• Required work
Produce as output only the lines below starting at the line with "Adapter kit" and continuing through the line with "Szablon malarski PX 368,...", each one exactly as written.

• Entries supplied
▬▬▬

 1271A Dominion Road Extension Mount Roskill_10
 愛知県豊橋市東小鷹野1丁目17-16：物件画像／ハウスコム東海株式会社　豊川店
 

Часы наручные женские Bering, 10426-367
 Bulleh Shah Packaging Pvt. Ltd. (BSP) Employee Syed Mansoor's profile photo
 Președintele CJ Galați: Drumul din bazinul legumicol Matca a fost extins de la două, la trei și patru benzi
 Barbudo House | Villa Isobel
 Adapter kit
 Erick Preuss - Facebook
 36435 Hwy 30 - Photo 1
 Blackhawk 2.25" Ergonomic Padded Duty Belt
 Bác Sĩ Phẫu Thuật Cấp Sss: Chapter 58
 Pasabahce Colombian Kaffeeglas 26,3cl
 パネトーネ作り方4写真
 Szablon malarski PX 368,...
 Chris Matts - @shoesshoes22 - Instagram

▬▬▬

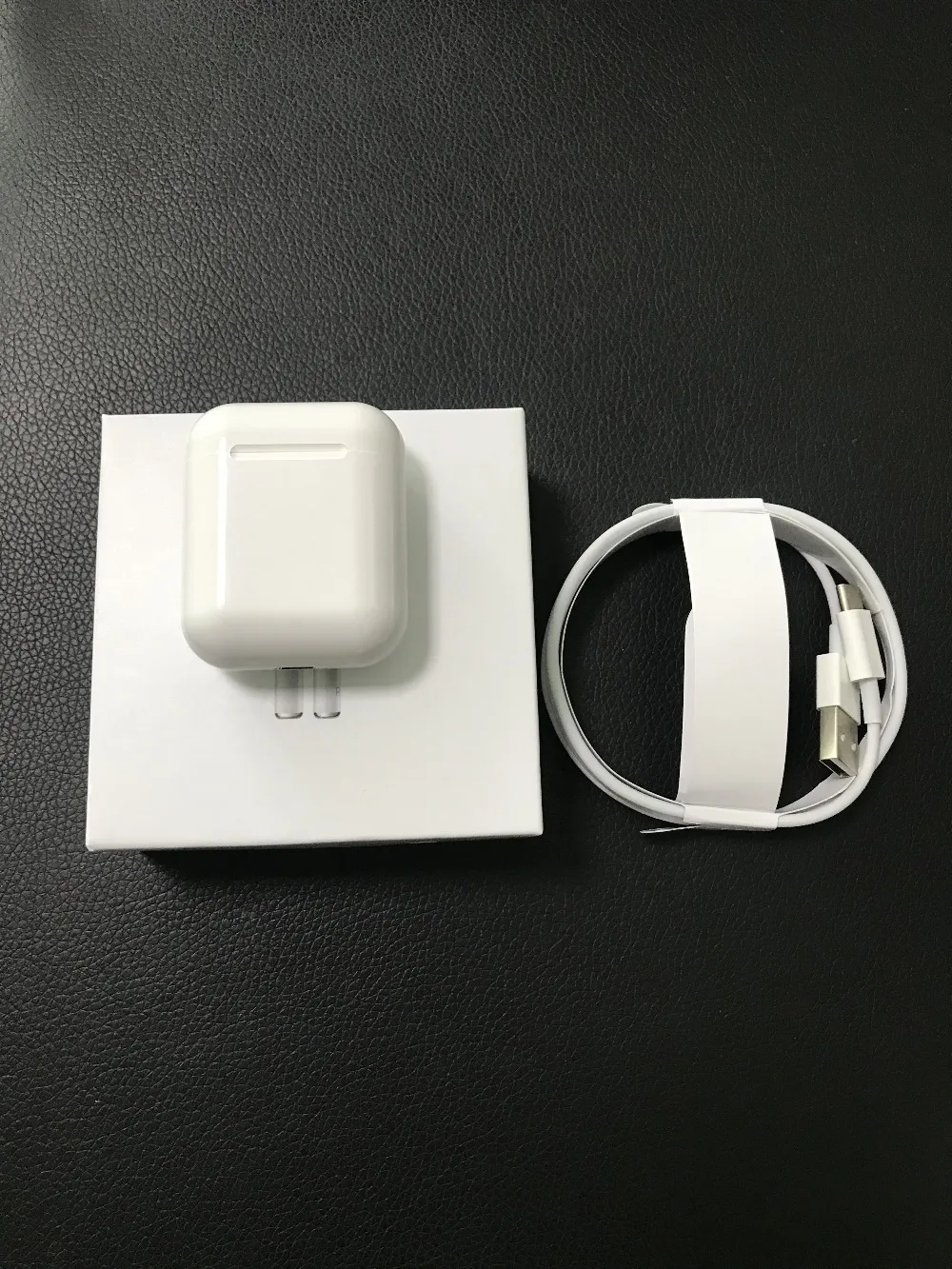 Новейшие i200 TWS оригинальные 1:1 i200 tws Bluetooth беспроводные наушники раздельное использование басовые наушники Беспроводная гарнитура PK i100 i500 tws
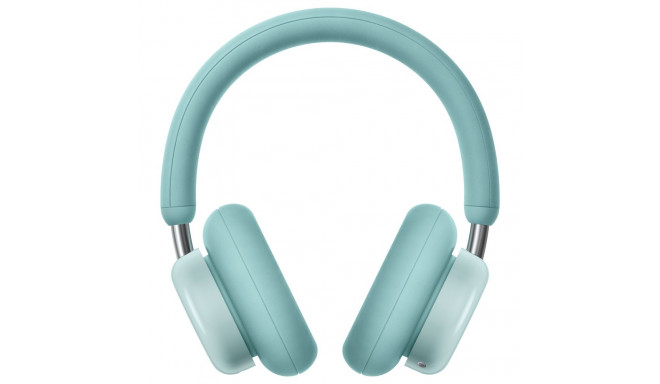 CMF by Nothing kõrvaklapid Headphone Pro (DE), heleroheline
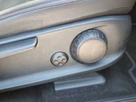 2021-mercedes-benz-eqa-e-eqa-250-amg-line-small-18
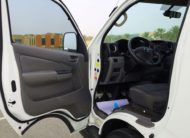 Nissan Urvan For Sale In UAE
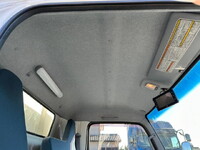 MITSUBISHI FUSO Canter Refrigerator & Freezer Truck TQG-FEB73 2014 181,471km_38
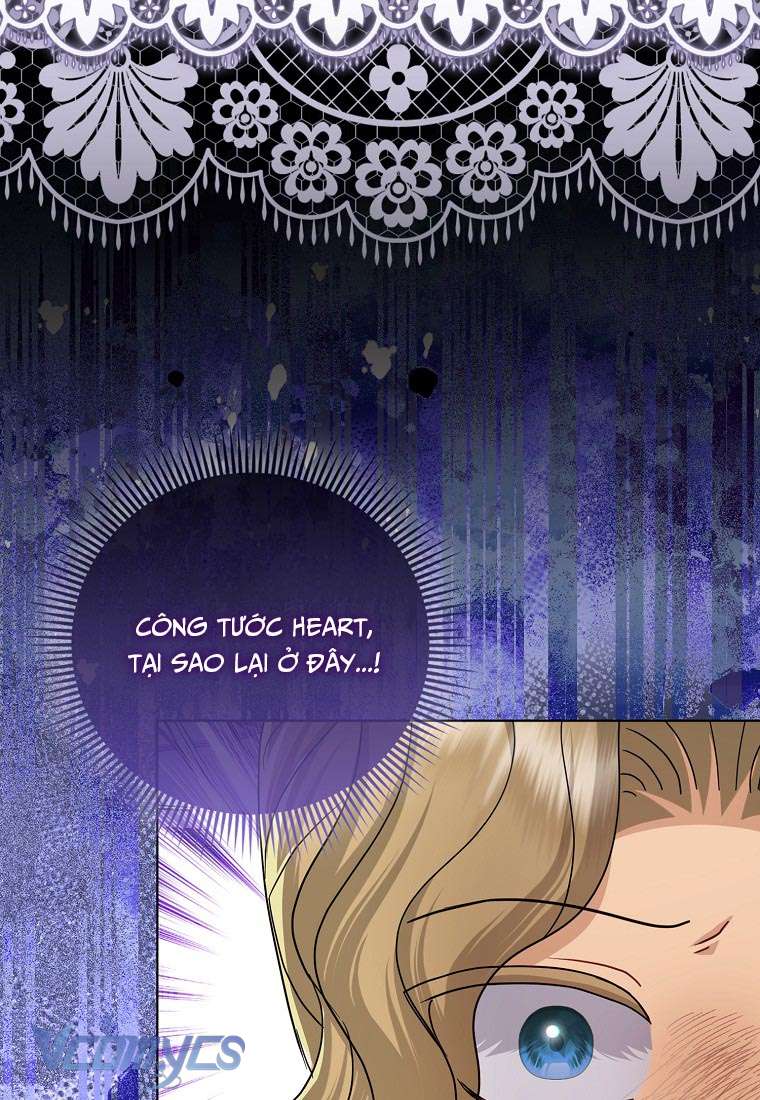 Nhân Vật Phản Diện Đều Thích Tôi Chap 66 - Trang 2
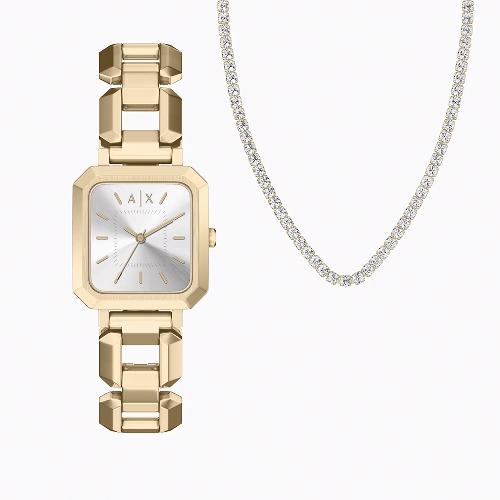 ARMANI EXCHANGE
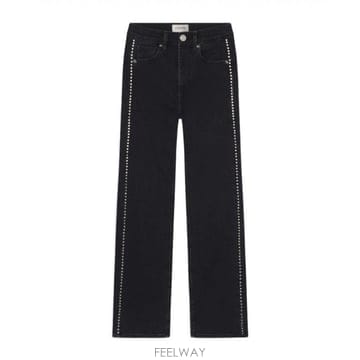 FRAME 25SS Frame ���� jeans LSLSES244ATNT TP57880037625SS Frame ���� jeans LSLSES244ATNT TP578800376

▬▬▬

• Response
 Adapter kit
 Erick Preuss - Facebook
 36435 Hwy 30 - Photo 1
 Blackhawk 2.25" Ergonomic Padded Duty Belt
 Bác Sĩ Phẫu Thuật Cấp Sss: Chapter 58
 Pasabahce Colombian Kaffeeglas 26,3cl
 パネトーネ作り方4写真
 Szablon malarski PX 368,...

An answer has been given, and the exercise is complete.